Metro Transit ferry service torpedoed

Council cuts late-night and early Sunday service, reduces mid-day trips.

Posted By on Wed, Aug 8, 2012 at 12:11 PM

Halifax council Tuesday voted to severely cut ferry service. For the downtown-Alderney ferry, council’s vote cuts the morning Sunday service before 11:30am, reduces the current 15-minute weekday schedule from noon to 2pm to 30 minutes, and ends service with the Halifax-departing 10:15pm ferry Monday through Thursday.

For the Woodside ferry, the cuts remove the weekday ferry leaving Woodside at 9:37am, as well as the return ferry leaving Halifax at 9:52am.

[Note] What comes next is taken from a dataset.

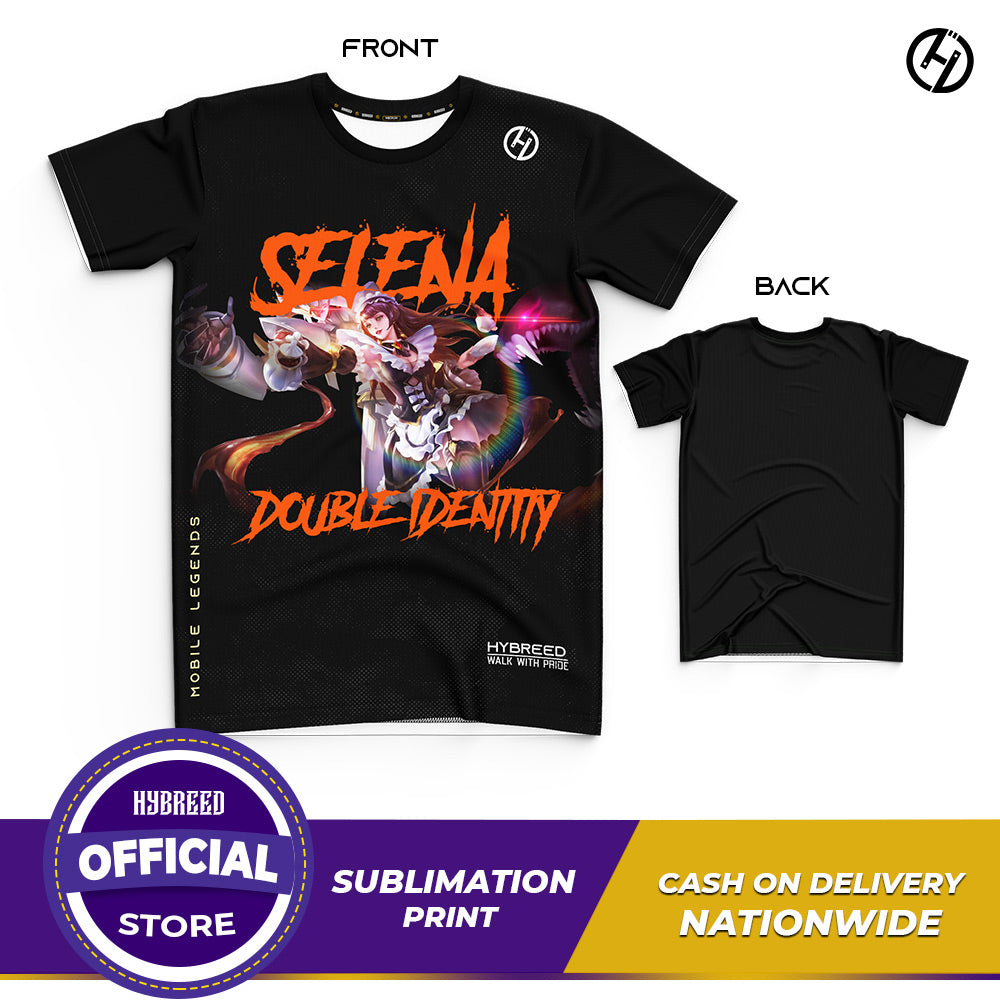 HYBREED LITE SELENA DOUBLE IDENTITY SKIN Mobile Legends Front Sublimation Tshirt E-Sport Premium Quality - Hybreed Apparel Collections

Council’s decision for these cuts was actually a compromise. Metro Transit had asked council to also cut the late-night Friday and Saturday service, but council rejected that proposal. As a result, ferries on Friday and Saturday nights will continue to run its current schedule—the last ferry will leave downtown Halifax at 11:45pm and arrive in Dartmouth at midnight.

Metro Transit had asked council to cut service to reflect service standards council had adopted last year. Those standards call for a minimum of 98 passengers in the commuting direction during peak hours, and 73 in the the heavy direction on off-peak hours. Actual ridership in the late hours is often fewer than 20 passengers.

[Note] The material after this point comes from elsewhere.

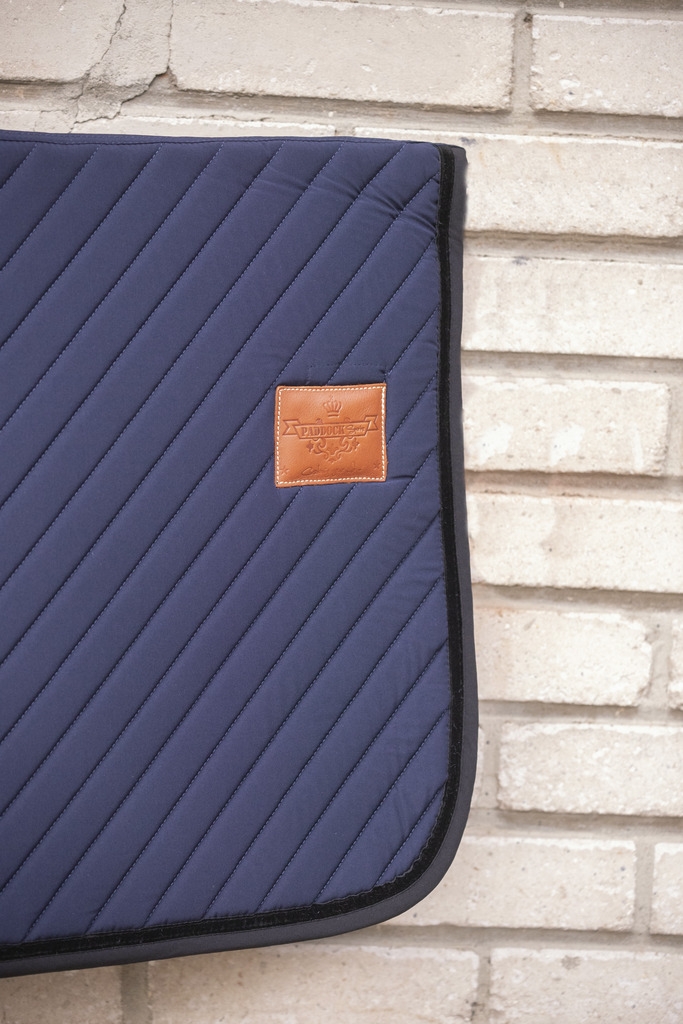 Tapis de Selle Diagonal Mixte - Marine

But several councillors pointed out that the ferry service as a whole is running more efficiently than the bus service as a whole. Metro Transit manager Eddie Robar confirmed as much, saying that in terms of direct rider payments, the ferries collect between 68 and 70 percent of their operating costs, while direct rider payments are responsible for just 40 percent of bus operational costs.

While transit ridership is subsidized, the money spent on transit dwarfs what would be much larger expenditures for widening and repairing roads, and for building new roads, were transit riders given no option but to drive cars. Moreover, ferry supporters argue that the late-night service is an important component of economic development downtown.